» Task brief
Everything from the first line of the material below through the line containing "Zderzak przedni Maxus" must be retyped exactly, and nothing past it.

::::::

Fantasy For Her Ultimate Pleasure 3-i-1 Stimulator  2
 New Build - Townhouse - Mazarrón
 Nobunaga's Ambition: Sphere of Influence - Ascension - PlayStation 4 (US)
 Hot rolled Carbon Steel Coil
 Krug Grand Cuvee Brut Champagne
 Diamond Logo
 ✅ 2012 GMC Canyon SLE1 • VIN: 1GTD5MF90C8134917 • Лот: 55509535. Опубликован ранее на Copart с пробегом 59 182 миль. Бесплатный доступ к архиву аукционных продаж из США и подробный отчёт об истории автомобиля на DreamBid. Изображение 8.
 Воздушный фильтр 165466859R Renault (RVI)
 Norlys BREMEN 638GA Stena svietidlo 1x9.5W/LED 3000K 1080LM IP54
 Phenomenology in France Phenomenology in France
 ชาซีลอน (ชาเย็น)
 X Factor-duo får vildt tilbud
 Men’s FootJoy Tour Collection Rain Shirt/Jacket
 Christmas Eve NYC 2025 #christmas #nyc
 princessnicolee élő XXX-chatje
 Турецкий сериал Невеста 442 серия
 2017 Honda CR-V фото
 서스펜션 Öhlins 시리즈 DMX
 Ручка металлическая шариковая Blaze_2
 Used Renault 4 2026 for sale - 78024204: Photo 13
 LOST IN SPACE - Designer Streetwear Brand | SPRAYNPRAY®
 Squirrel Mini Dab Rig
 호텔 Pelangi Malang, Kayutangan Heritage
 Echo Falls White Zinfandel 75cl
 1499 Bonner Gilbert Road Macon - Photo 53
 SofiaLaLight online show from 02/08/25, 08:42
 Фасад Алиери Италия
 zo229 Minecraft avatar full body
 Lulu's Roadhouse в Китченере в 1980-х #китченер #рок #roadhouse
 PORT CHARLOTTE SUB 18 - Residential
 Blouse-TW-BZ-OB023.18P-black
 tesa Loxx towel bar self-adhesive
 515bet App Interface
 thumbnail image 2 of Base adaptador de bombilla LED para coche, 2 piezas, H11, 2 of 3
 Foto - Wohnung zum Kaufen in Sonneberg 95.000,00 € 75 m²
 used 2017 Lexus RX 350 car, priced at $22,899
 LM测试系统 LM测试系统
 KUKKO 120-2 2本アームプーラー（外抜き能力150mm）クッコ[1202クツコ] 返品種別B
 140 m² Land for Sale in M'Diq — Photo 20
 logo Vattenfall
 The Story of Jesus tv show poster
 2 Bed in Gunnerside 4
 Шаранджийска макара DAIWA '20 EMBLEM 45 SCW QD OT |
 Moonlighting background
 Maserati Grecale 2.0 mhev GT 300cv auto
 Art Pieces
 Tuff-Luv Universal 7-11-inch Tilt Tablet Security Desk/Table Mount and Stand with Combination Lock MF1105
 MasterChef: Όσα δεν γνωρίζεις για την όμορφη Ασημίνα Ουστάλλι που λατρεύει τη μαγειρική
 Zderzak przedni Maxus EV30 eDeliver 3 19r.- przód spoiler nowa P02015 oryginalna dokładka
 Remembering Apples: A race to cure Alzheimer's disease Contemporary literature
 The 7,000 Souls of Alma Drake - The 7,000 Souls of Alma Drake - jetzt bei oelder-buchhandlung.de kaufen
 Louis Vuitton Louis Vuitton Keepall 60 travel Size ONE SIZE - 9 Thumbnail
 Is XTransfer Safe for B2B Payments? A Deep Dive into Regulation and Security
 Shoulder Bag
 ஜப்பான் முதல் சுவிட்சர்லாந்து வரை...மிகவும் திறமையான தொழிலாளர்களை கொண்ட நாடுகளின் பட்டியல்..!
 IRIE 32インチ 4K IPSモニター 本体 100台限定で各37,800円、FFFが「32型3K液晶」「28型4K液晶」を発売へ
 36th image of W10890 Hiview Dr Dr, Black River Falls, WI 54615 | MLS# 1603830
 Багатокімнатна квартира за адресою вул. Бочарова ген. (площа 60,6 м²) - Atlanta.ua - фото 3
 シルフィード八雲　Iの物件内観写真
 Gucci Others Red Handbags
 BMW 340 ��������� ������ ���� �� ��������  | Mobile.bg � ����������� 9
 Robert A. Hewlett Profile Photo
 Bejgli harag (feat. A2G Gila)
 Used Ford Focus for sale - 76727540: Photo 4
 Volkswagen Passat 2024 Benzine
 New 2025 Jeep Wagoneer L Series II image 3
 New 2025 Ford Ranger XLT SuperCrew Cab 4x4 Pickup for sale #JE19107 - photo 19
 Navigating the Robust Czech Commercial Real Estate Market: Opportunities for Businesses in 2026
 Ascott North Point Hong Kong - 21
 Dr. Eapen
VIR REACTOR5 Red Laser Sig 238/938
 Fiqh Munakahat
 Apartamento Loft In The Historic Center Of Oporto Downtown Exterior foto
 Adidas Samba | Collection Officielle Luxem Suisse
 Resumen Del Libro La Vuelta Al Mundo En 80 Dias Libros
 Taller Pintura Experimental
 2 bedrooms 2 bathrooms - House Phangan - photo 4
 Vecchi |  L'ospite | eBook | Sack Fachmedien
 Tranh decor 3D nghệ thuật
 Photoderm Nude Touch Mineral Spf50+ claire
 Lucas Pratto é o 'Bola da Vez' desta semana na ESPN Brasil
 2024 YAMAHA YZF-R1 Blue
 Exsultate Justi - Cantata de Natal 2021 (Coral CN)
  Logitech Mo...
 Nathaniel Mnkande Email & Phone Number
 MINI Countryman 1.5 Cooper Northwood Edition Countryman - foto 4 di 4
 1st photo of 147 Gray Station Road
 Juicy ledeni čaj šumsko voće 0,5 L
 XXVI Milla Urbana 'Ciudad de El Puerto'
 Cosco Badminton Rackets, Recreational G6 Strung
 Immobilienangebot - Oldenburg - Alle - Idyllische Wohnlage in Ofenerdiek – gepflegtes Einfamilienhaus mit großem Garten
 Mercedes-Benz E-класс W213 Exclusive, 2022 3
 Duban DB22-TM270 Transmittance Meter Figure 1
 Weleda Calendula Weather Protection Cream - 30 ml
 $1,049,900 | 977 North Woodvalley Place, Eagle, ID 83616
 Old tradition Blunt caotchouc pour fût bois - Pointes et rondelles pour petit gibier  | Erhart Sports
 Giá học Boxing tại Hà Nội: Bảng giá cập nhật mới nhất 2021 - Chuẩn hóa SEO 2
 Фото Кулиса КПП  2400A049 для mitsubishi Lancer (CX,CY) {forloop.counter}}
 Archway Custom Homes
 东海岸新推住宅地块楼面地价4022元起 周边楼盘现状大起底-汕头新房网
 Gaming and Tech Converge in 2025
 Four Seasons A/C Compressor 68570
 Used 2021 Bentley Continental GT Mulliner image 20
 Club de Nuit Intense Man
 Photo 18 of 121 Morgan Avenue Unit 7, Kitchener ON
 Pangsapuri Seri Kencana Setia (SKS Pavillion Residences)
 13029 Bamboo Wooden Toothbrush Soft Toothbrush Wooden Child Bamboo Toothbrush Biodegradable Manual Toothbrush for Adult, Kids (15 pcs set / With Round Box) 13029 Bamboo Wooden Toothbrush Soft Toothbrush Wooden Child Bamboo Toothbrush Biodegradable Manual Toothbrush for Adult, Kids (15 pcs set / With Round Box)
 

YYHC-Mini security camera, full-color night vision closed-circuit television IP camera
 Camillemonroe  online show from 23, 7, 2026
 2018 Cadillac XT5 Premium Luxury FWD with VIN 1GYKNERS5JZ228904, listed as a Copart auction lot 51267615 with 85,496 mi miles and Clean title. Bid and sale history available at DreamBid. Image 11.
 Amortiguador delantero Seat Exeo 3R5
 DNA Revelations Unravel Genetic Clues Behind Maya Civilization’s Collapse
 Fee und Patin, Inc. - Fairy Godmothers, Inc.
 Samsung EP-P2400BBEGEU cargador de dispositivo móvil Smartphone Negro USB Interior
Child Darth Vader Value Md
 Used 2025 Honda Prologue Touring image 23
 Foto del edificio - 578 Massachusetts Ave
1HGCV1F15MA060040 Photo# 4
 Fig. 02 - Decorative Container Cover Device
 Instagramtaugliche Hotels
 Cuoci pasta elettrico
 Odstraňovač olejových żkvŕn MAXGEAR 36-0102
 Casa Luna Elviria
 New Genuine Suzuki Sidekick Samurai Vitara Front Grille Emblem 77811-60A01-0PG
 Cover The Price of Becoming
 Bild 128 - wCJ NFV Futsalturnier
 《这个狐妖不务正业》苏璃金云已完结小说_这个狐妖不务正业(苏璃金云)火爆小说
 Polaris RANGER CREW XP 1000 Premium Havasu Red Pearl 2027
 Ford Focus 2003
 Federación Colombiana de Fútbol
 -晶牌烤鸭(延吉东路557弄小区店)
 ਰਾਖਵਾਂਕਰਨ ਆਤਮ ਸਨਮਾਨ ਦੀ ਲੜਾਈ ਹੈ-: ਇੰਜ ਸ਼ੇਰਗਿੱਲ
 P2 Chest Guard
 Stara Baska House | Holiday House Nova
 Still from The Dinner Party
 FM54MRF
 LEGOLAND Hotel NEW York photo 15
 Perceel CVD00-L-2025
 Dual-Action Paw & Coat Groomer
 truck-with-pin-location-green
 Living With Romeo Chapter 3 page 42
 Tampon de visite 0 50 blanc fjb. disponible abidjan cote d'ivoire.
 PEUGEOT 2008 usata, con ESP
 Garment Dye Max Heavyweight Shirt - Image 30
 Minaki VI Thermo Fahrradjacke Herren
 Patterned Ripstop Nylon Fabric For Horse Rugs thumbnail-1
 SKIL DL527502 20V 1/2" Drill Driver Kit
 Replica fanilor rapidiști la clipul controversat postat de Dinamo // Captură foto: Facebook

::::::

» Response for this exercise
Fantasy For Her Ultimate Pleasure 3-i-1 Stimulator  2
 New Build - Townhouse - Mazarrón
 Nobunaga's Ambition: Sphere of Influence - Ascension - PlayStation 4 (US)
 Hot rolled Carbon Steel Coil
 Krug Grand Cuvee Brut Champagne
 Diamond Logo
 ✅ 2012 GMC Canyon SLE1 • VIN: 1GTD5MF90C8134917 • Лот: 55509535. Опубликован ранее на Copart с пробегом 59 182 миль. Бесплатный доступ к архиву аукционных продаж из США и подробный отчёт об истории автомобиля на DreamBid. Изображение 8.
 Воздушный фильтр 165466859R Renault (RVI)
 Norlys BREMEN 638GA Stena svietidlo 1x9.5W/LED 3000K 1080LM IP54
 Phenomenology in France Phenomenology in France
 ชาซีลอน (ชาเย็น)
 X Factor-duo får vildt tilbud
 Men’s FootJoy Tour Collection Rain Shirt/Jacket
 Christmas Eve NYC 2025 #christmas #nyc
 princessnicolee élő XXX-chatje
 Турецкий сериал Невеста 442 серия
 2017 Honda CR-V фото
 서스펜션 Öhlins 시리즈 DMX
 Ручка металлическая шариковая Blaze_2
 Used Renault 4 2026 for sale - 78024204: Photo 13
 LOST IN SPACE - Designer Streetwear Brand | SPRAYNPRAY®
 Squirrel Mini Dab Rig
 호텔 Pelangi Malang, Kayutangan Heritage
 Echo Falls White Zinfandel 75cl
 1499 Bonner Gilbert Road Macon - Photo 53
 SofiaLaLight online show from 02/08/25, 08:42
 Фасад Алиери Италия
 zo229 Minecraft avatar full body
 Lulu's Roadhouse в Китченере в 1980-х #китченер #рок #roadhouse
 PORT CHARLOTTE SUB 18 - Residential
 Blouse-TW-BZ-OB023.18P-black
 tesa Loxx towel bar self-adhesive
 515bet App Interface
 thumbnail image 2 of Base adaptador de bombilla LED para coche, 2 piezas, H11, 2 of 3
 Foto - Wohnung zum Kaufen in Sonneberg 95.000,00 € 75 m²
 used 2017 Lexus RX 350 car, priced at $22,899
 LM测试系统 LM测试系统
 KUKKO 120-2 2本アームプーラー（外抜き能力150mm）クッコ[1202クツコ] 返品種別B
 140 m² Land for Sale in M'Diq — Photo 20
 logo Vattenfall
 The Story of Jesus tv show poster
 2 Bed in Gunnerside 4
 Шаранджийска макара DAIWA '20 EMBLEM 45 SCW QD OT |
 Moonlighting background
 Maserati Grecale 2.0 mhev GT 300cv auto
 Art Pieces
 Tuff-Luv Universal 7-11-inch Tilt Tablet Security Desk/Table Mount and Stand with Combination Lock MF1105
 MasterChef: Όσα δεν γνωρίζεις για την όμορφη Ασημίνα Ουστάλλι που λατρεύει τη μαγειρική
 Zderzak przedni Maxus EV30 eDeliver 3 19r.- przód spoiler nowa P02015 oryginalna dokładka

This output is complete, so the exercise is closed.